最近、にがりと椿油で頭をマッサージしている。 この二つが、髪の健康のために一番いいと、人から聞いたからである。 使ってみると、なるほど秋口から毛細りしていた髪が、心なしか太くなったような気がする。 やはり、にがりと椿油の情報は間違ってなかったようだ。
ところで、それらのおかげで髪は健康になりつつあるのだが、ここで困ったことが起きてしまった。 それは、髪が若干黒くなったような気がする、ということだ。 ぼくは、もう黒髪のことには未練がなくなっているのだ。 というより、黒髪のことよりも、今は白髪のほうが大事なのだ。 その理由は二つある。

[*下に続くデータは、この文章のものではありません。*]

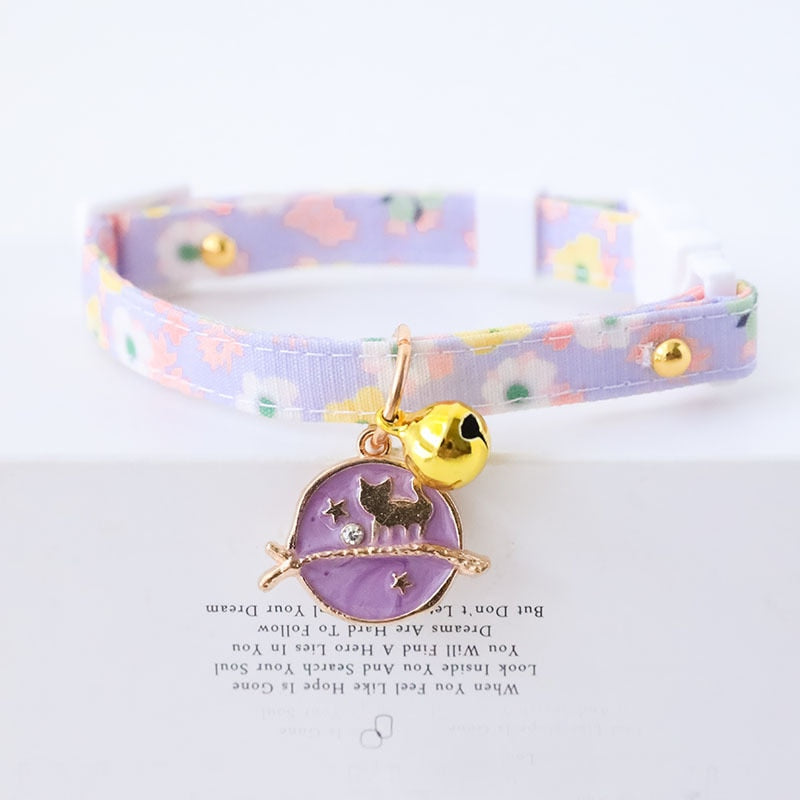 Cute Cat Collars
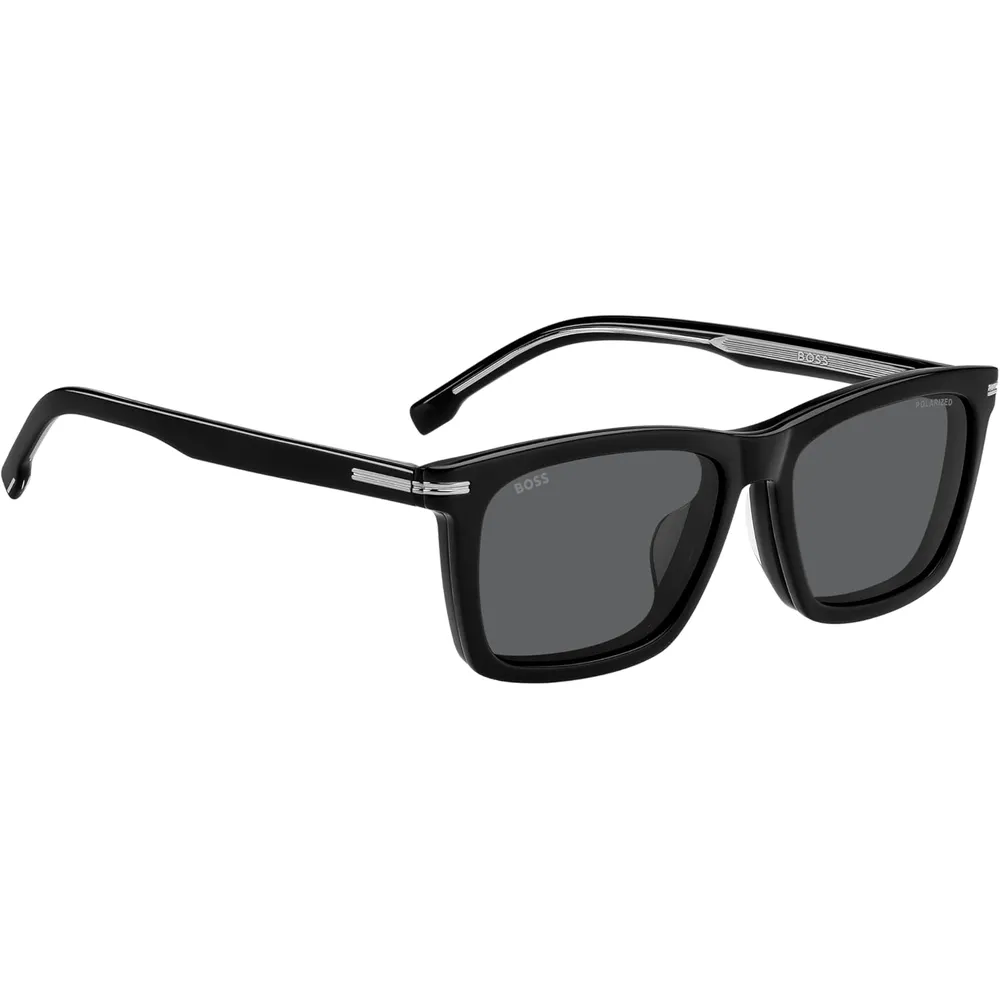 LENTES DE SOL HUGO BOSS 1726/G/CS RECTANGULARES HOMBRE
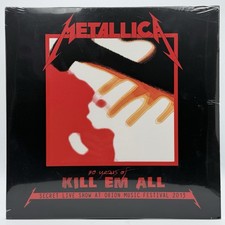 METALLICA - 30 YEARS OF KILL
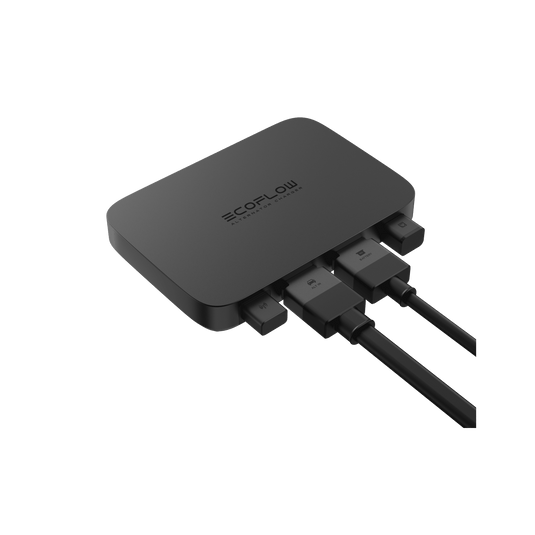 Cargador mediante alternador EcoFlow de 800 W  EcoFlow Europe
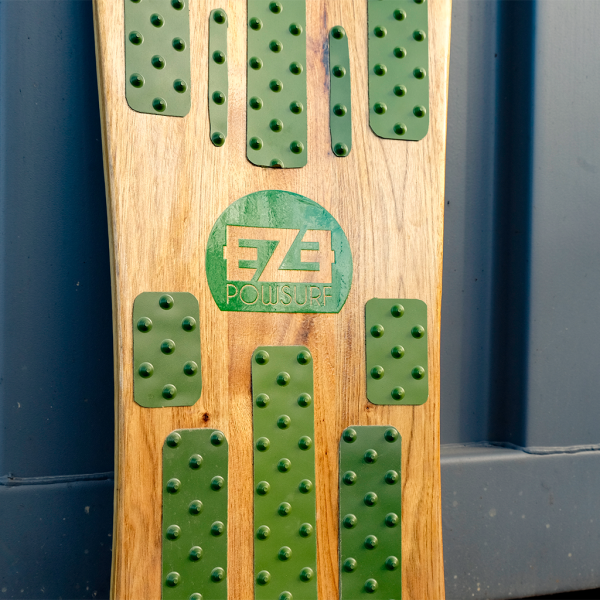 Eze Powsurf Wood Love Cheap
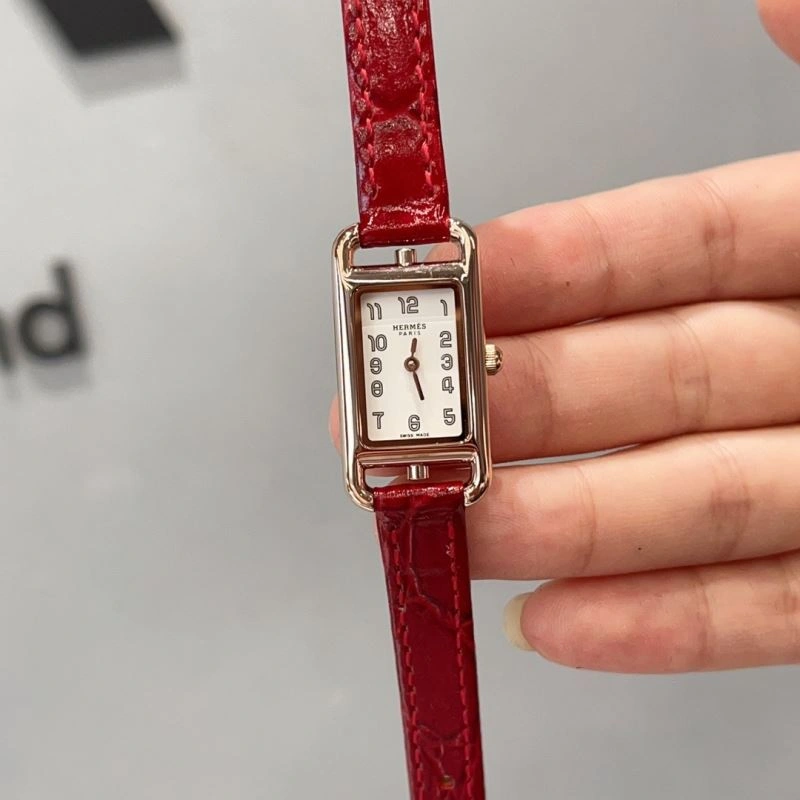 HERMES Watches Sophisticated 183595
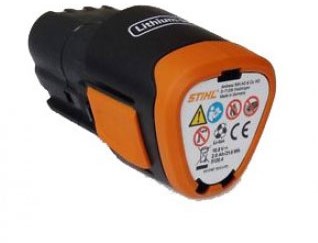 Stihl accessoires batterie pour hsa 25 | 10,8 V 2,0 Ah - 45154006500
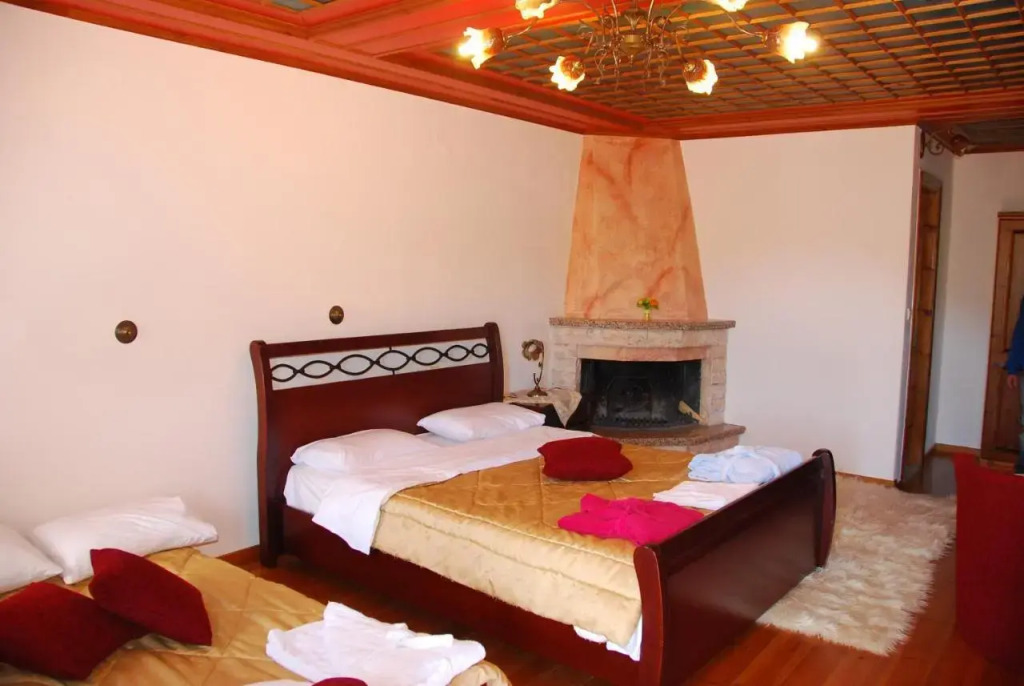 Traditional Guesthouse Ladias
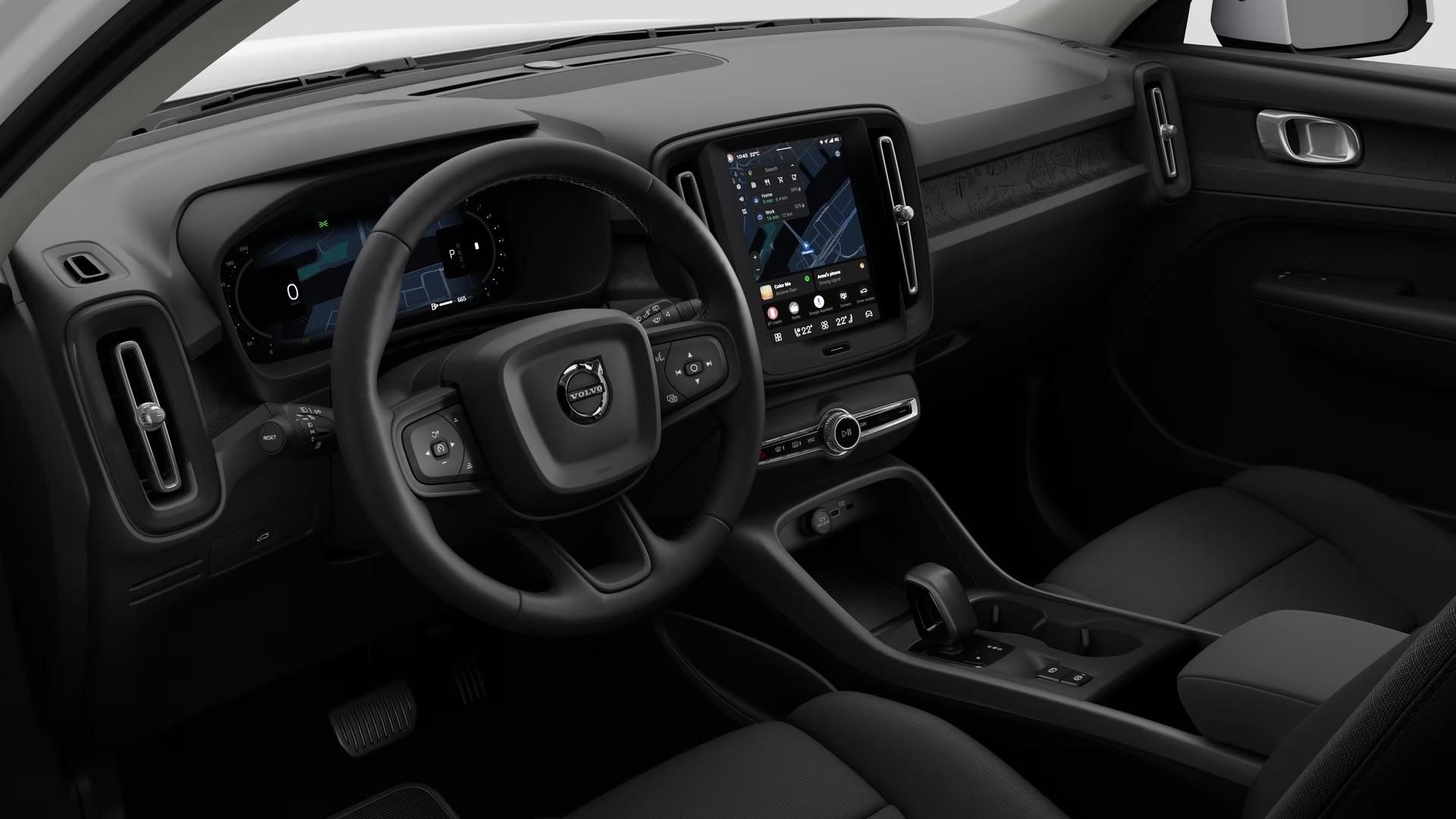 Volvo XC40, B3 AUT ESSENTIAL - fotka 3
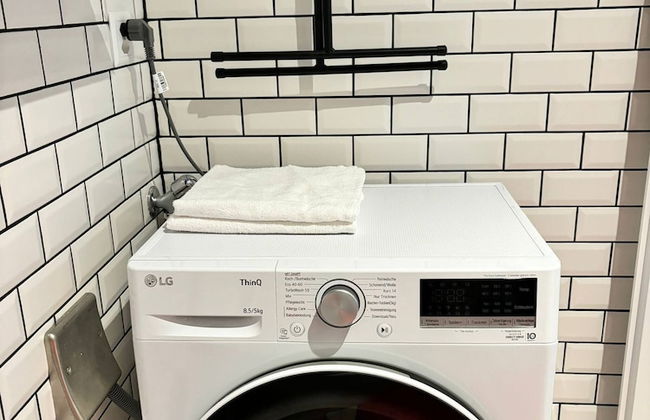 Grape Place With Washing Machine - Foto 22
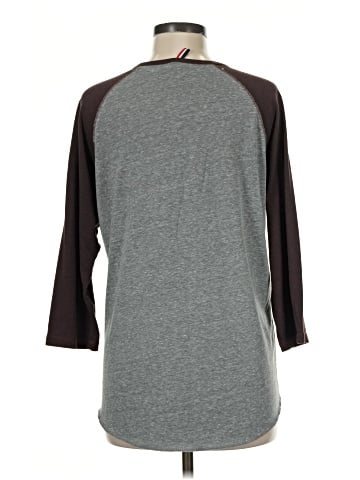 Matix 3/4 Sleeve T-Shirt (view 2)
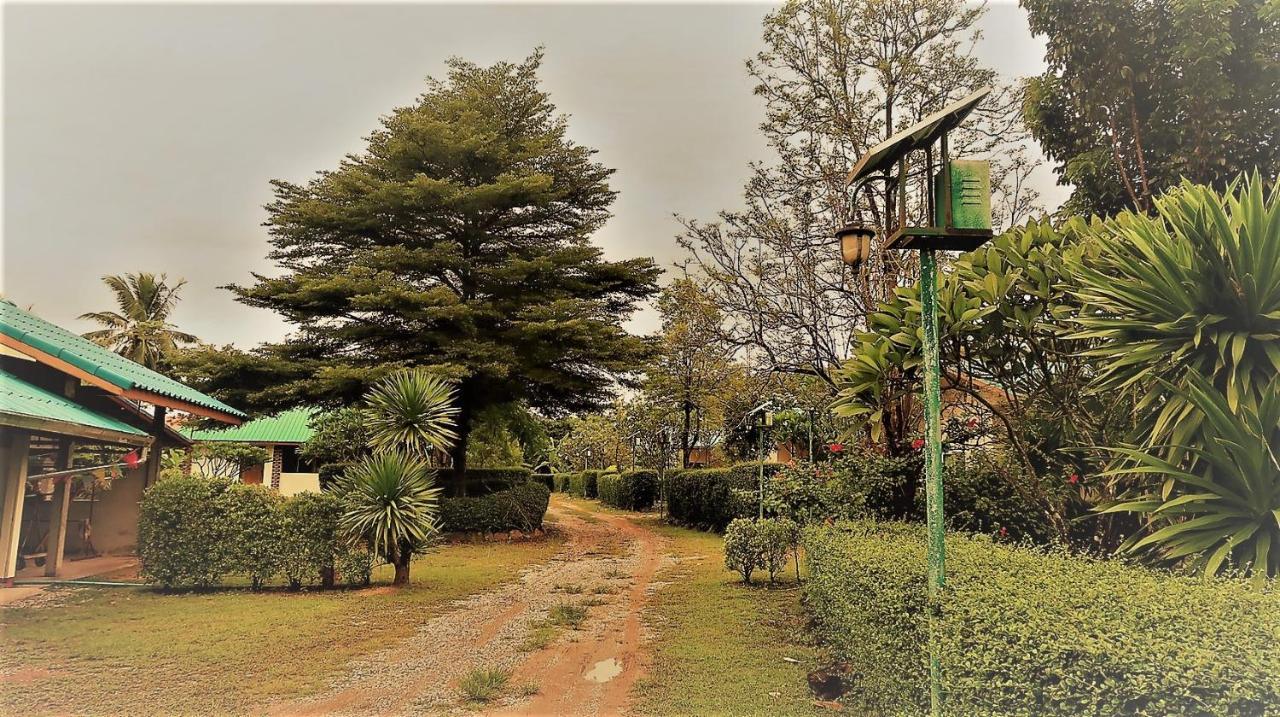 Eidi Homestay Nong Kung Si Bagian luar foto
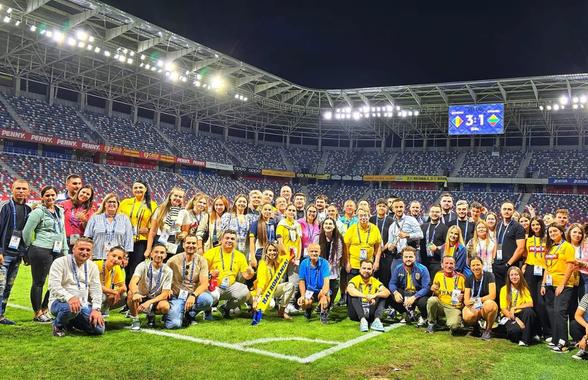 România va organiza Campionatul European U19: pe 15 aprilie aflăm grupele. Cum poți fi în echipa voluntarilor, ce beneficii sunt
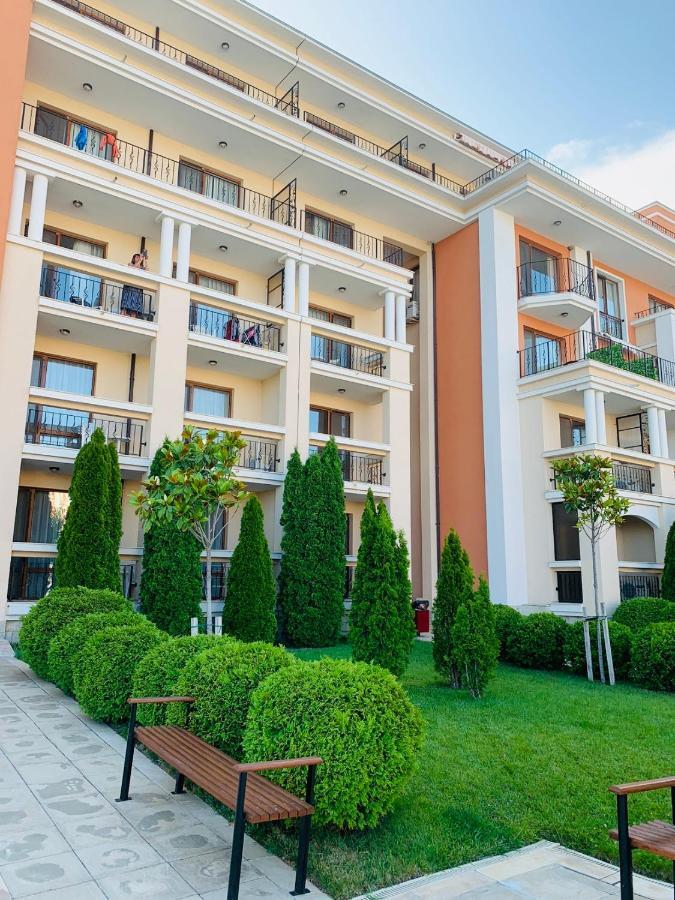 Private Apartment 49 In Prestige Fort Beach Hotel 스베티 블라스 외부 사진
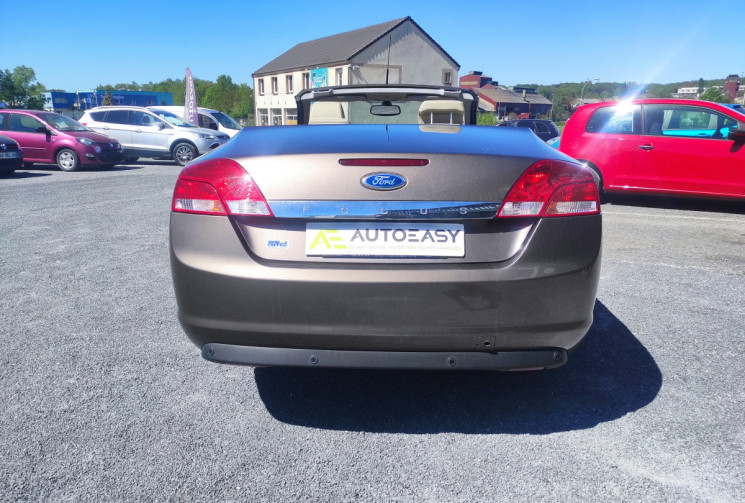 Ford Focus CC 2.0 TDCI 140 CH TITANIUM 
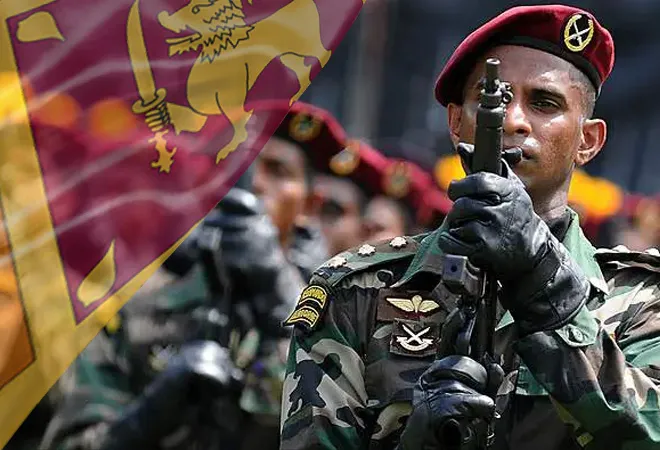 Sri Lanka’s changing defence discourse: What’s in it for India?  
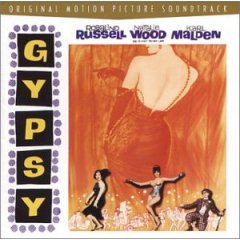 GYPSY / ORIGINAL SOUND TRACK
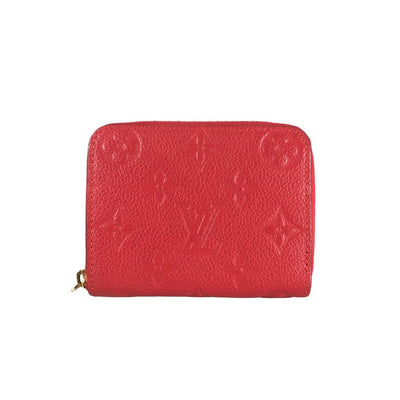 Louis Vuitton Zippy Coin Purse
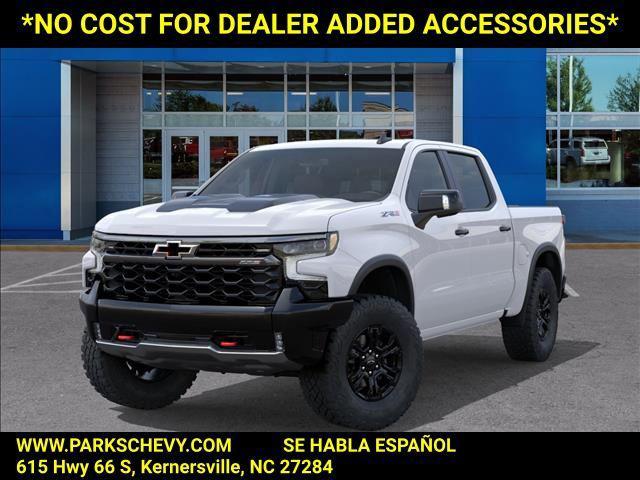 new 2026 Chevrolet Silverado 1500 car, priced at $70,040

一つは、『しろげしんた』というハンドルネームのことがある。 もし黒くなったりしたら、『しろげしんた』という名前は嘘になってしまうのだ。 「体は名を現わす」でつけた名前だから、なおさらである。 ぼくはこの名前が気に入っている。 一生この名前を使っていきたいと思っているのだ。
もう一つの理由だが、一年ほど前から、床屋に行くたびに「きれいな白髪ですね」と言われている。 ぼくはそのことに、喜びを感じているのだ。 髪が伸びていく段階で、一人で白髪に見入っていることもある。 「このまま、髪が伸びたら格好いいのう」などと一人で悦に入っているのだ。 もし、サラリーマンやめたら、白髪を伸ばしてやろうとも思っている。
もし髪が黒くなったら、「体は名を現わす」だから、名前は当然『くろげしんた』とか『くりげしんた』とかになってしまう。 こんな名前を使うくらいだったら、嫌いな本名を使ったほうがましである。
それに、今更黒くなっても、若い頃のように真っ黒になるとは思えない。 中途半端に黒い頭というのは、実に情けない。 えらく老け込んで見えるのだ。 20代後半に、すでに中途半端に髪が白くなっていたぼくは、若い女の子などから、「白髪じじい」などと悪口を叩かれていたものである。 あの時は、かなり落ち込んだものだ。 そんな思いをしたくないと思って、カラーリンスを使うようになったのだ。 ここで、中途半端白髪になってしまったとしたら、またあんな嫌な思いをしなければならないのだ。
さて、どうしよう。 髪の健康のためには、にがりと椿油は続けなければならないが、白髪のためにはそれを続けることは許されない。 どちらをとるか? 思案のしどころである。